The ad placed on line showed a mobile home with a photo of the kitchen. and priced at 39K. The County tax assessor lists the property at 4,000 and has a different photo of the building listed.
It was sold as is, But under the Dodd-Frank bill doesn't he have to put that correct value of the property?
Jeff,He absolutely does have the duty to accurately reflect the value of the property, describe amenities or defects with the property, and provide you with as honest of an evaluation as possible. If the assessment showed the value to be $40K and it was actually $4K, that is a most substantial difference in value, and I can see why you believed that this was a fraudulent transaction. This is something the state's Attorney General's office would likewise need to review and investigate (IC3 is more for online scams such as overseas money or lottery scams although they can likewise review this as a potential violation).
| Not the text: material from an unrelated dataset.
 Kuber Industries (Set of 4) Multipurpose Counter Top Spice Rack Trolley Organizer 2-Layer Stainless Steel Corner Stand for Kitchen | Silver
However the seller's demand for proof is likewise valid--if you are accusing him of substantially misrepresenting the state and value of the lot, you are required to substantiate your claims--sending evidence based on actual images based on what you were sold, and actual assessment value is exactly what you need to do so as to try to cancel this contract.Good luck.
He has decided that I am just too much trouble and has decided to refund my money.